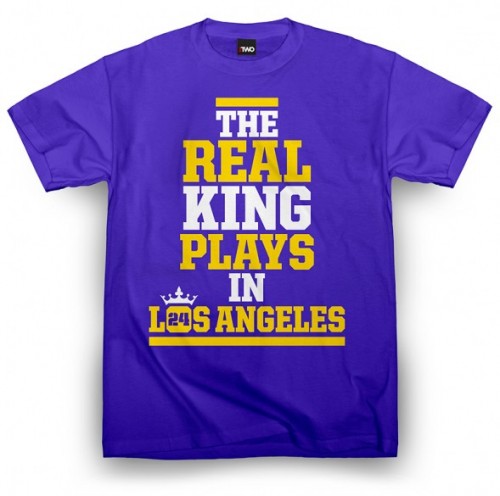 kobe-bryant-t-shirt-lakers-500x496.jpg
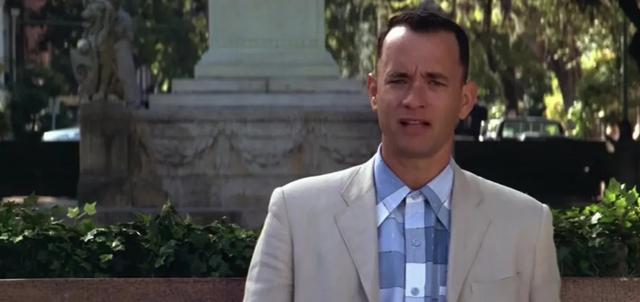 美国惊现 “新寡头统治”！特朗普的财富游戏，美富豪一天狂揽千亿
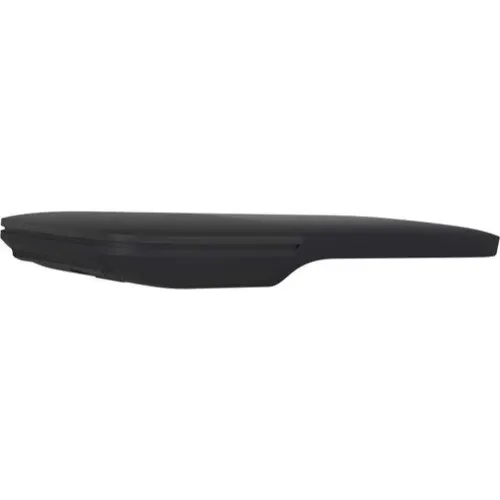 Мышь Surface Arc Mouse (Black) CZV-0097
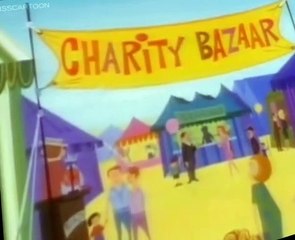 Batfink Batfink E087 Old King Cruel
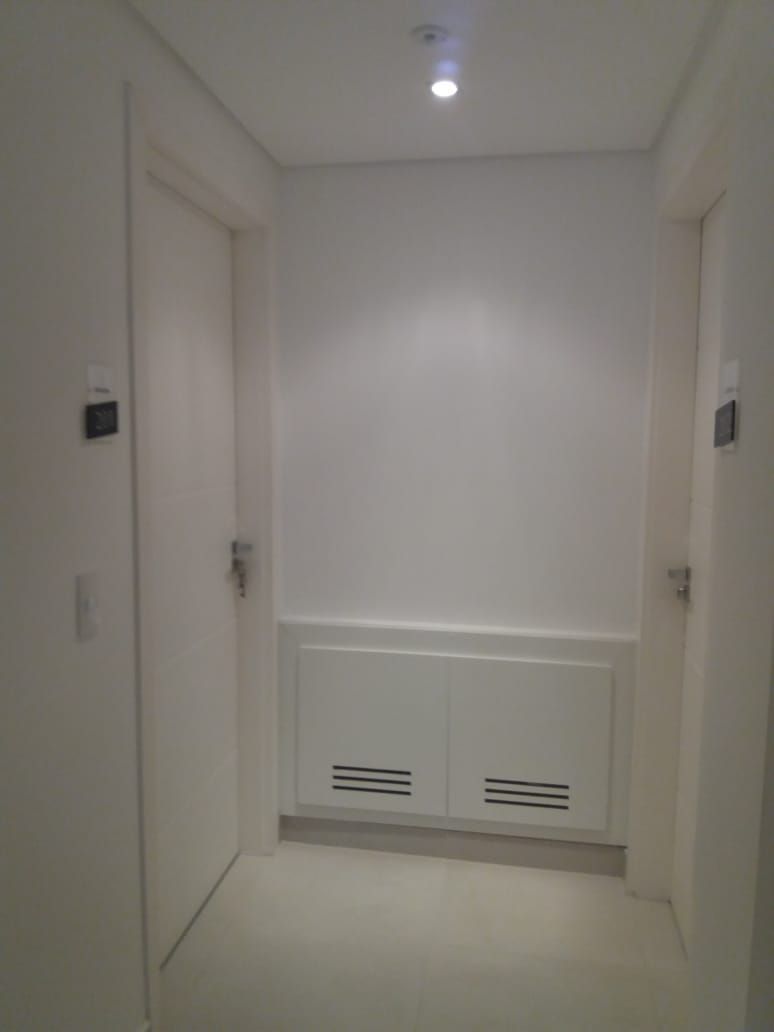 Apartamento, 2 quartos, 55 m² - Foto 16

ASSIGNED TASK
Without carrying over any picture, retype the records above word for word.

EXERCISE RESULT
 kobe-bryant-t-shirt-lakers-500x496.jpg
 美国惊现 “新寡头统治”！特朗普的财富游戏，美富豪一天狂揽千亿
 Мышь Surface Arc Mouse (Black) CZV-0097
 Batfink Batfink E087 Old King Cruel
 Apartamento, 2 quartos, 55 m² - Foto 16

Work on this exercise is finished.